Text Prediction (Intial Milestone Report)

Summary

In this dynamic document, the body of sample text for the Johns Hopkins data science specialization word prediction capstone project is loaded, some basic cursory exploratory analysis performed and next steps recommended.

The Capstone Dataset sample texts include content captured from blogs, new sources and twitter.

Load and Examine the Sample Texts

Documents

The English-language content is used for this preliminary analysis.

  # view the English sample text source documents
  cpath <- file.path(".", "data", "final", "en_US")
  csize <- length(dir(cpath))
  dir(cpath)

## [1] "en_US.blogs.txt"   "en_US.news.txt"    "en_US.twitter.txt"

There are 3 documents in the English text samples.

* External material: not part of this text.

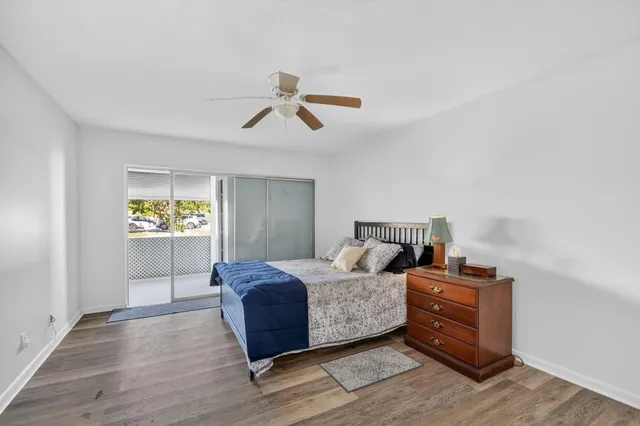 a view of yard with fountain in front of it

blogs contains 899288 lines, 37334690 words, and 210160014 characters.
twitter contains 2360148 lines, 30374206 words, and 167105338 characters.
news contains 1010242 lines, 34372720 words, and 205811889 characters.

Exploratory Analysis

A document-term matrix is created from the samples for the purpose of analyzing word frequencies and characteristics.

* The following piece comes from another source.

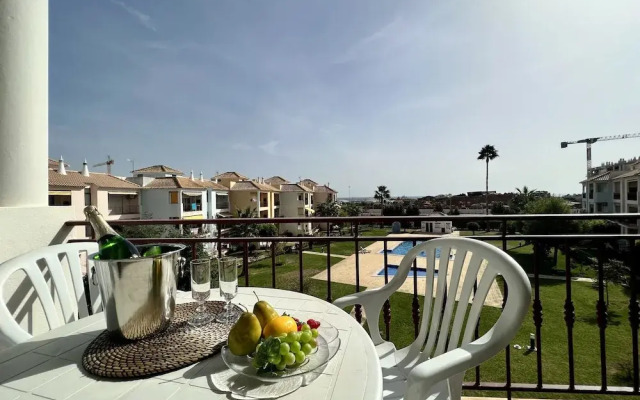 Quarteira Elegant With Pool by Homing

  dtm <- DocumentTermMatrix(corpus)
  freq <- colSums(as.matrix(dtm))
  count <- length(freq)
  ord <- order(freq)

Most Frequently Occurring Terms

  findFreqTerms(dtm, lowfreq=200)

##  [1] "about" "all"   "and"   "are"   "but"   "for"   "from"  "had"  
##  [9] "has"   "have"  "his"   "just"  "like"  "more"  "not"   "one"  
## [17] "out"   "that"  "the"   "they"  "this"  "was"   "what"  "who"  
## [25] "will"  "with"  "you"   "your"

Least Frequently Occurring Terms

  head(findFreqTerms(dtm, highfreq=1), 10)

##  [1] "-_____-"                                                                   
##  [2] "-____-"                                                                    
##  [3] "-___-"                                                                     
##  [4] "---"                                                                       
##  [5] "--a"                                                                       
##  [6] "--colton"                                                                  
##  [7] "--want"                                                                    
##  [8] "-.-"                                                                       
##  [9] "-http://deckboss.blogspot.ca/2012/05/legislature-lavishes-aquaculture.html"
## [10] "-mcm"

Wordcloud

The wordcloud is a graphical visualization of word occurrence where size is scaled by frequency.

  set.seed(482)
  wordcloud(names(freq), freq, min.freq=40, max.words=100,
    colors=brewer.pal(8, "Dark2"), rot.per=0.35, scale=c(5, 0.5))

Word Length Frequency

A histogram of number of letters by word frequency illustrates the distribution of word lengths and highlights the average word length.

The average length word in the sample texts has 7 characters.

Next Steps

Data Cleaning: The least frequent word list reveals that the word sources are littered with separator characters, urls and other non-word sequences which should be filtered. Utilize the tm text mining package.
Build a model of word associations for the purpose of predictions, e.g. n-grams, based on the word sample texts and frequencies of multi-word chains. Utilize the RWeka machine learning tools package.
Optimize the model. The current dataset is very large with over 102 million words. Performance constraints will likely require subsetting/narrowing the predictive search space.
Build and deploy an interactive application using Shiny that allows a user to interact with the model by allowing the predictive algorithm to suggest words as the user types text.